### Assigned task:
Pictures should be omitted; restate word for word the lines from the one holding "MAISON NATALE DE" through the last line of the entries below.

──────── Raw data ────────

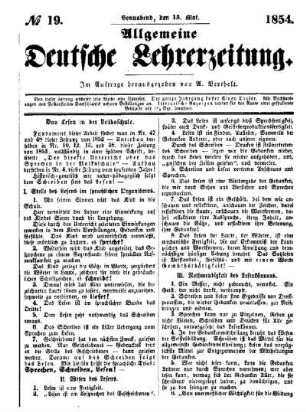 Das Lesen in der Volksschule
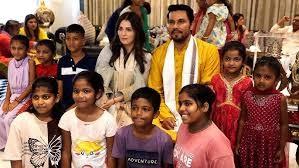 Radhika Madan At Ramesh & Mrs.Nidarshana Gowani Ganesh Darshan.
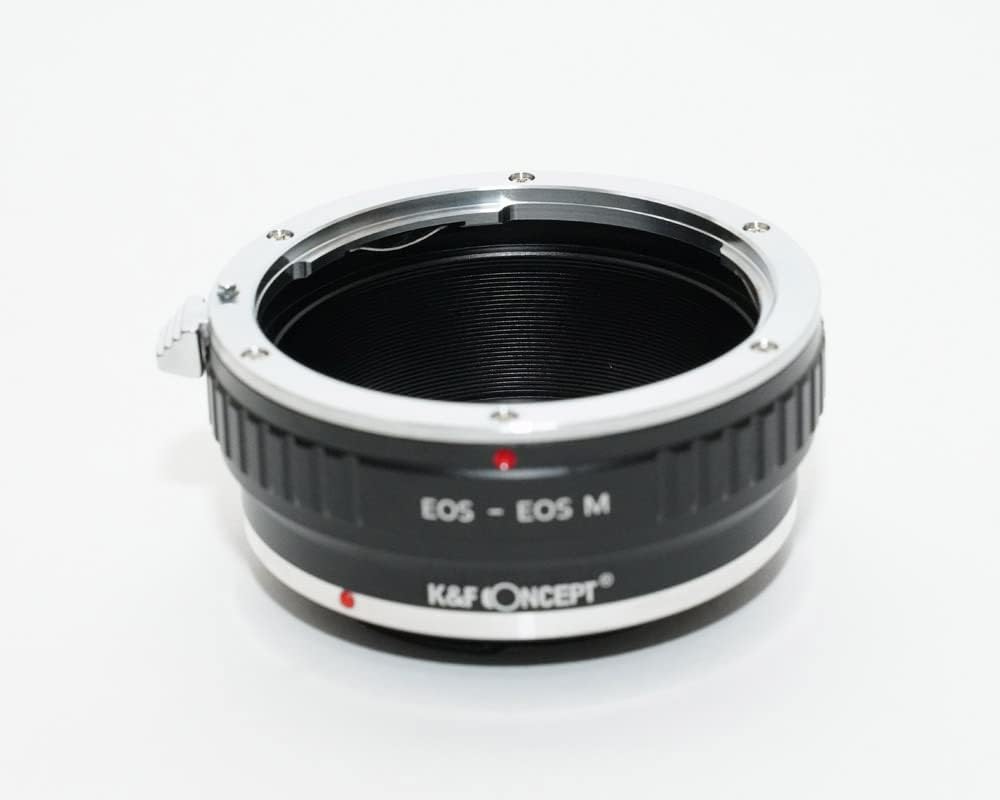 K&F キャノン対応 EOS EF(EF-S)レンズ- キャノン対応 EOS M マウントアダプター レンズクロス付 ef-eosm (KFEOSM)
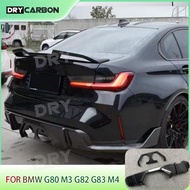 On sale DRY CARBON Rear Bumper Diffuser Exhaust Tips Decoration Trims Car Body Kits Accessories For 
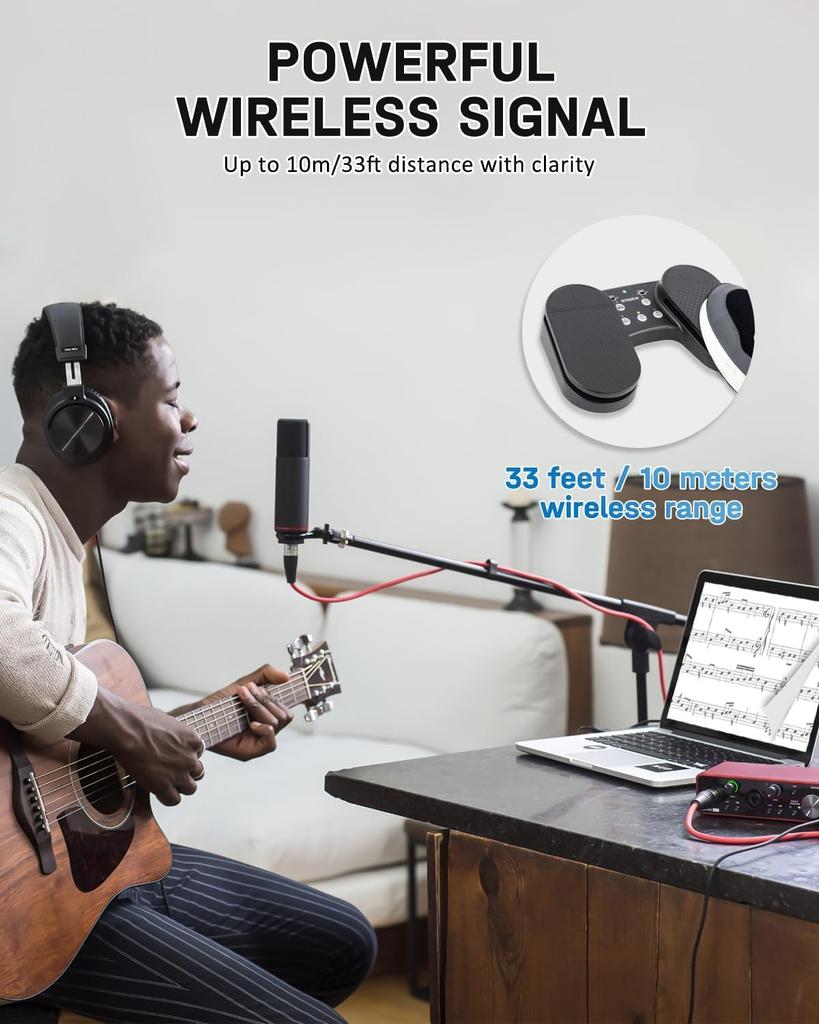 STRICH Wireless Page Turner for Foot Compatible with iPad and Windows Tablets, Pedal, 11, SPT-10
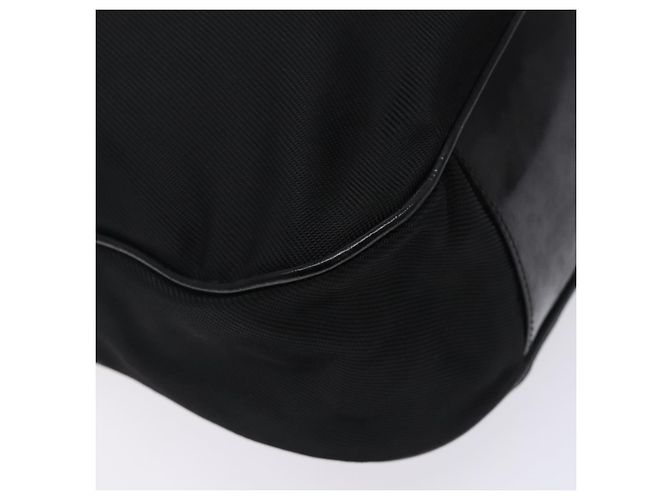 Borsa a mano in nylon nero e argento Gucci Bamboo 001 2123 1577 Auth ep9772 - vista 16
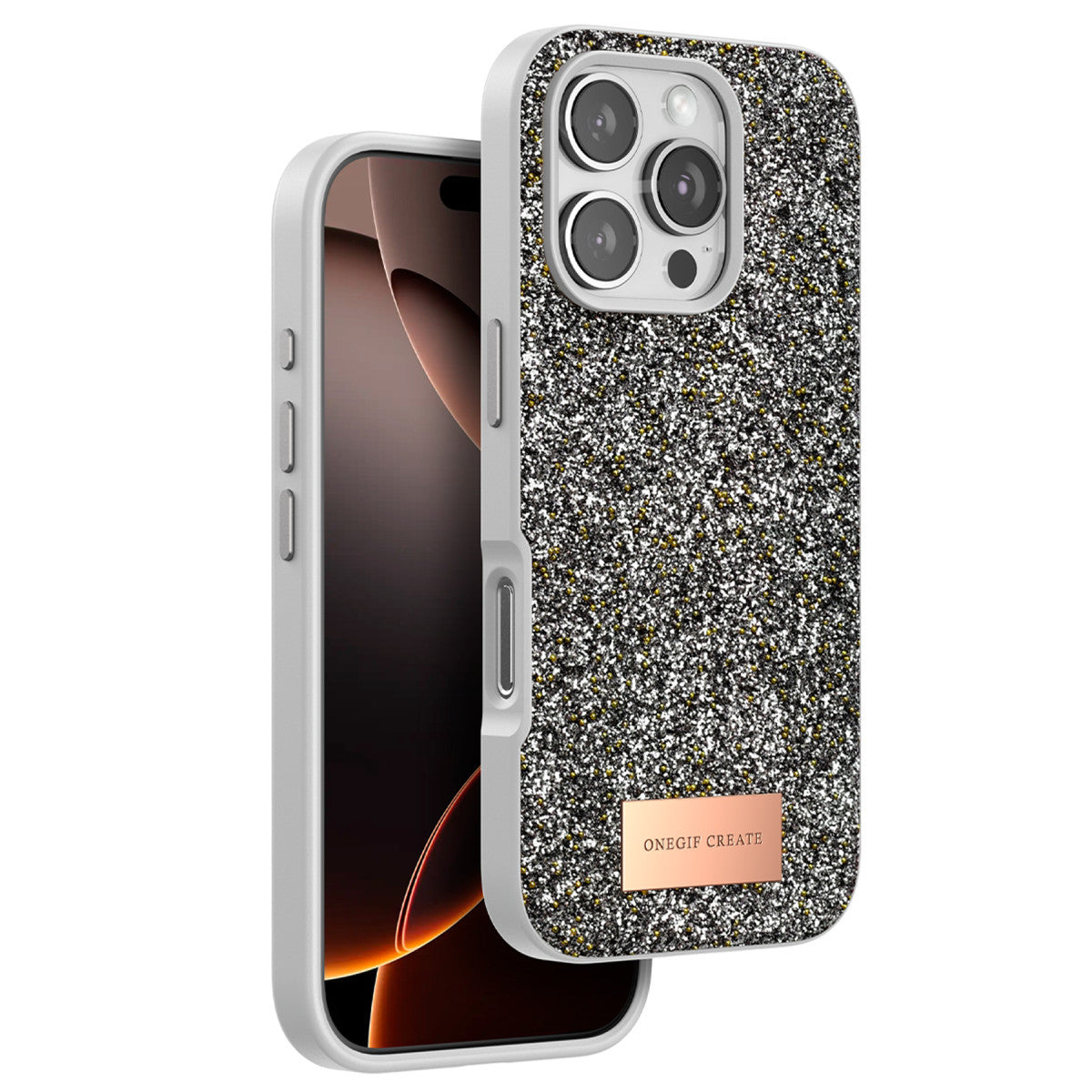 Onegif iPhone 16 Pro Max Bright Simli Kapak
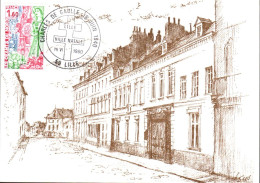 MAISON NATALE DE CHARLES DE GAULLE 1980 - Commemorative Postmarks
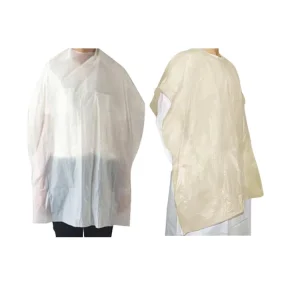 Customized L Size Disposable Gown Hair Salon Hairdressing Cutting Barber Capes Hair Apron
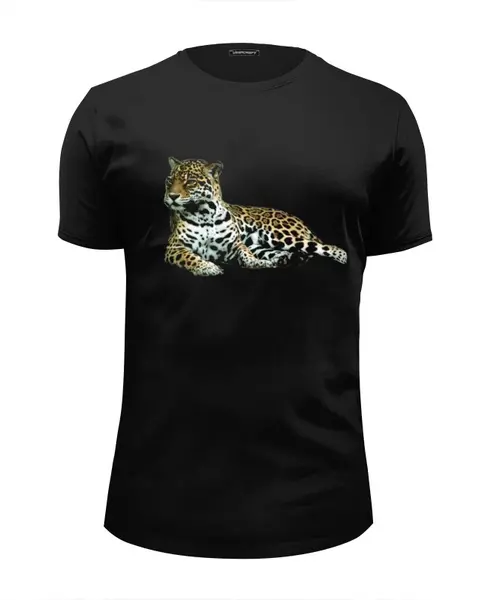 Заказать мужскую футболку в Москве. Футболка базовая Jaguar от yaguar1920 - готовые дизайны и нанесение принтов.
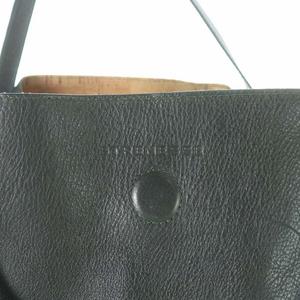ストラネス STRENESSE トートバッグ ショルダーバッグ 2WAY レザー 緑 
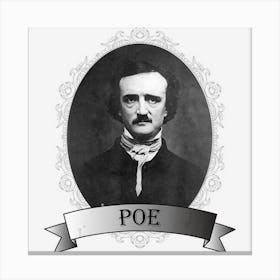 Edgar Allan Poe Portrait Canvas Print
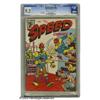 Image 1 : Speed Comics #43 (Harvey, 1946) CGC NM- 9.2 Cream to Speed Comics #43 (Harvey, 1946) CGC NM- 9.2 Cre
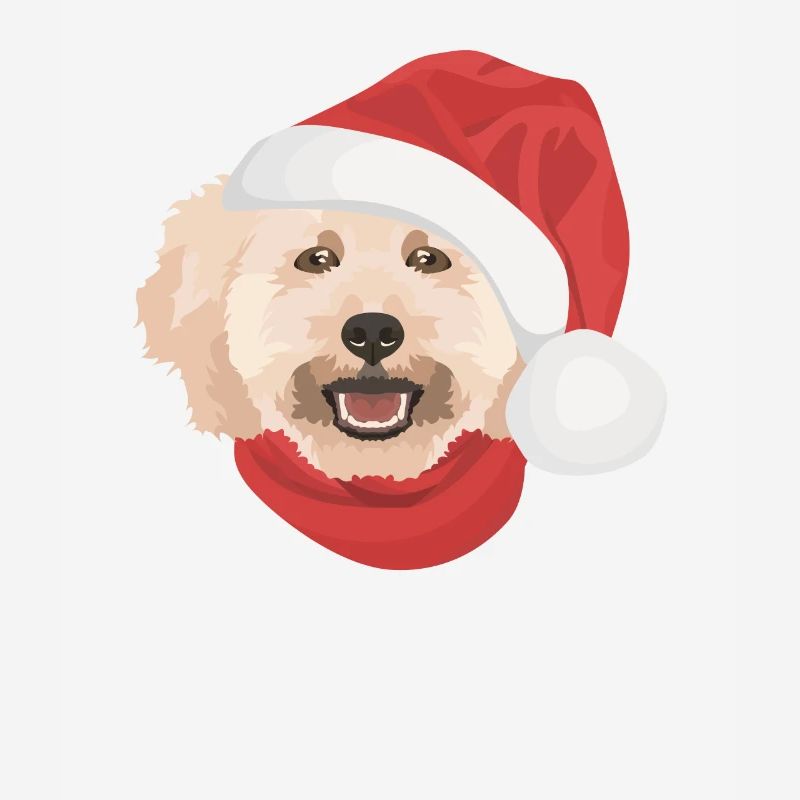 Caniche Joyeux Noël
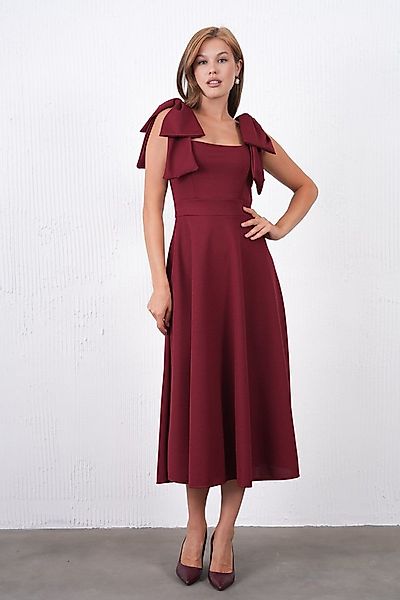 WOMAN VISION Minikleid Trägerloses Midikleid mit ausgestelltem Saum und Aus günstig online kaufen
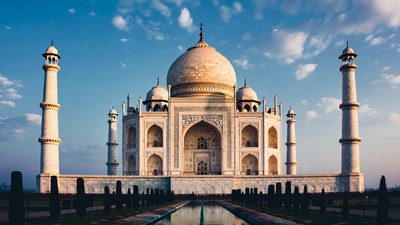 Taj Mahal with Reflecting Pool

────────

### Response box:
 MAISON NATALE DE CHARLES DE GAULLE 1980 - Commemorative Postmarks
 Customized L Size Disposable Gown Hair Salon Hairdressing Cutting Barber Capes Hair Apron
 Заказать мужскую футболку в Москве. Футболка базовая Jaguar от yaguar1920 - готовые дизайны и нанесение принтов.
ストラネス STRENESSE トートバッグ ショルダーバッグ 2WAY レザー 緑 
 Edgar Allan Poe Portrait Canvas Print
 Image 1 : Speed Comics #43 (Harvey, 1946) CGC NM- 9.2 Cream to Speed Comics #43 (Harvey, 1946) CGC NM- 9.2 Cre
 Caniche Joyeux Noël
 WOMAN VISION Minikleid Trägerloses Midikleid mit ausgestelltem Saum und Aus günstig online kaufen
 Taj Mahal with Reflecting Pool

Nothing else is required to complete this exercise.